Foundation for Rural & Regional Renewal
Grants on offer to address issues that matter to young rural Australians
Grants of up to $10,000 are now open for local community groups that will help fund projects developed by youth and for youth. Adopting and adapting these projects will help create positive change by addressing priority issues such as career options, peer support, diversity and discrimination and mental health, which impact youth in rural communities.
Since 2013, the FRRR ABC Heywire Youth Innovation Grants program has supported remote, rural and regional youth to address issues that matter most to them. This year, thanks to the generosity of FRRR’s partners, $130,000 is available nationally, and $30,000 is available specifically for grants in or around the Shepparton region.
This year’s grant program ideas have come from the ABC’s Takeover Shepparton event in May. It brought together 44 young leaders from in and around Shepparton to share stories and workshop ideas on how to make rural and regional Australia a better place for young people to live and work.
The ideas they developed include:
- The Allies Project: How might we celebrate the strength of regional LGBTQIA+ people and educate rural communities on the importance of being an ally?
- Hands on Learning: How might we support young people to learn in ways that work for them?
- Take Care: How might we promote healthier communities in regional Australia?
- SPIN – Supporting People In Need: How might we improve morale in regional communities?
- Triple H- Humanity Helping Homelessness: How might we reduce homelessness and support people who are experiencing it?
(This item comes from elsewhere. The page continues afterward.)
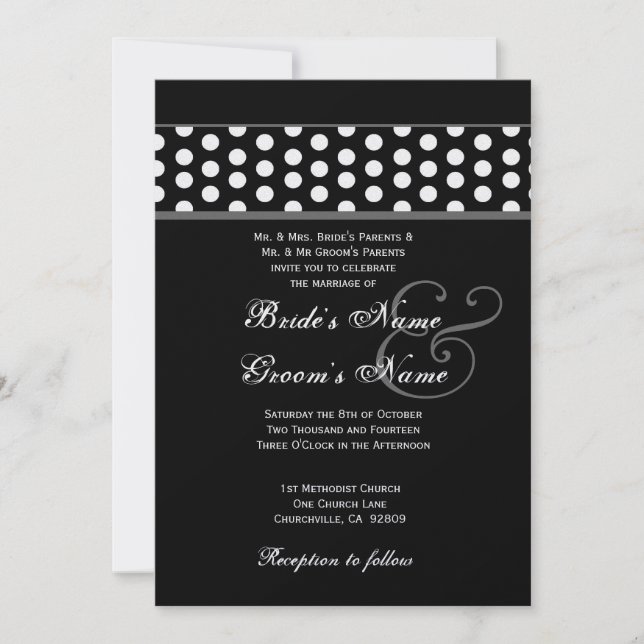 Convite Bolinhas preto e branco que Wedding o modelo (Frente)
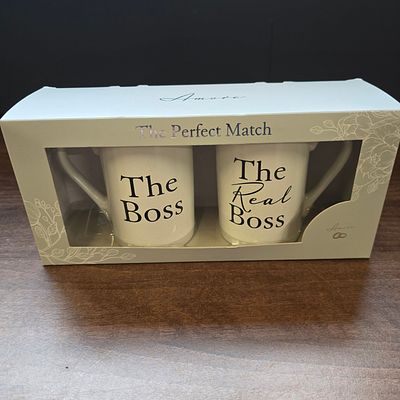 Amore BY JULIANA The Perfect Match Boss Real Boss Mug Set. A Pair of white ceramic mugs branded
- Fusion Festival: How might we raise cultural awareness and stop racism in regional communities?
Natalie Egleton, FRRR’s CEO, said that young people always bring so much to the table, giving current issues a whole new perspective.
“I congratulate the ABC for running such a powerful event, where young people’s voices and ideas were able to shine and be celebrated. These incredible young people brought so much energy and heart to the table, and some fantastic ideas to address issues they face, which will no doubt be common to younger people all across the country.
“Thanks to our donor partners, we look forward to helping local community groups to adapt and adopt these ideas and bring them to life around the country. If you’re a local community group, I encourage you to reach out to your young locals and ask which of these ideas will help make a meaningful change for them. I look forward to reading the applications,” says FRRR CEO Natalie Egleton.
This is the 10th year of the partnership between FRRR and the ABC to run the Heywire Youth Innovation Grants.
“We’re proud to be working with FRRR to once again bring a set of incredible ideas to life, supporting regional communities to back their young people,” says Judith Whelan, ABC Director, Regional and Local. “We’re excited to see where these ideas go and to tell those stories through the ABC.”
To date, more than $1.2 million in community and philanthropic investment has helped to fund more than 150 projects in more than 130 communities. The program is possible thanks to the generous support of FRRR’s donor partners, including The Sally Foundation, Findex Community Fund, David Mactaggart Foundation, Greater Shepparton Foundation, The Collie Foundation and private donors.
Applications close Monday, 18 July 2022 and recipients will be announced in October. More information is available on FRRR’s website.
The Taromeo Rural Fire Brigade (TRFB) are a busy bunch. While you could be forgiven for thinking their remit was fire preparedness and firefighting, this group of volunteers actually take on a significant number of emergency service preparedness and response activities, as well as community education and outreach. After an increase in fires in the area, they were in need of more trained community volunteers, particularly young people and women, to support their efforts.
Alongside the challenge of more fires in the area, the TRFB were facing challenges with engaging with younger and older members of the community. They were concerned about their understanding of how bushfires can spread and their preparedness and resilience levels if a fire was to occur.
A grant of $4,170, donated by the David MacTaggart Foundation meant that the TRFB were able to create the ‘Don’t Burn the Butt’ community engagement campaign. The TRFB worked with other community organisations in the delivery of ‘Don’t Burn the Butt’ including South Burnett Regional Council, Blackbutt Benarkin Aged Care, SES, Qld Police Service, Blackbutt Medical Centre, Blackbutt Festival and Blackbutt Benarkin Aged Care Association.
The TRFB conducted a door to door engagement campaign, with volunteers knocking on every door in the community to talk about the importance of being prepared for bushfire season, and the benefits of becoming a volunteer. They also ran workshops for community members who were interested in becoming volunteers, to teach them the skills they would need, and were able to purchase equipment that they needed to ensure that they could respond effectively to any fires that occurred.
Les Lane, First Officer of TRFB, told FRRR; “The delivery of a Community Engagement Strategy was a very positive outcome for this project. We now have an additional 4 members of the brigade with truck licenses to respond to fires. This has already proven to be of benefit to the community and the brigade by enabling more team members to be active fire fighters when needed.”
Now, more community members are equipped with the knowledge and support they need to keep themselves and their families safe for this bushfire season, and many more to come.